# Paparazzi finally snap Jessica Alba upskirt



## Tier (Jan 11, 2008)

do NOT click this!


----------



## MCx2 (Jan 11, 2008)




----------



## clemson357 (Jan 11, 2008)

Don't click it.


----------



## Doublebase (Jan 11, 2008)

clemson357 said:


> Don't click it.



Thanks I won't.


----------



## Yanick (Jan 11, 2008)

Shit listen to Clemson (because i didn't)...Tier's a cockwad.


----------



## Tier (Jan 11, 2008)

rofl


----------



## DOMS (Jan 11, 2008)

Should I ban him?


----------



## soxmuscle (Jan 11, 2008)

That's not banning material, who gives a shit.


----------



## Yanick (Jan 11, 2008)

Yeah it was a minor pain in the ass. Now if it would crash my comp i'd be pissed, but all i had to do was restart firefox.


----------



## Doublebase (Jan 11, 2008)

Yanick said:


> Yeah it was a minor pain in the ass. Now if it would crash my comp i'd be pissed, but all i had to do was restart firefox.



Really?  I would def give him some infractions for that shit.


----------



## DOMS (Jan 11, 2008)

soxmuscle said:


> That's not banning material, who gives a shit.
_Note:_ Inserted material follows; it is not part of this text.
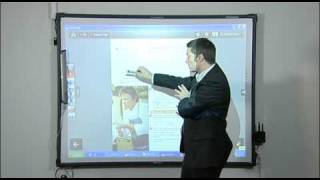 Using interactive software  How to use an Interactive Whiteboard  clip 9 [upl. by Moitoso178]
I'm not even remotely serious.


----------



## Yanick (Jan 11, 2008)

Hey DOMS, how many people have you banned so far?


----------



## tucker01 (Jan 11, 2008)

You will be his 999,855,883,885 is you don't watch you mouth Yanick.


----------



## DOMS (Jan 11, 2008)

Yanick said:


> Hey DOMS, how many people have you banned so far?



Not counting spammers...none.  I came close to booting Danny, but none really.

If you _are_ counting spammers, probably upwards of 100.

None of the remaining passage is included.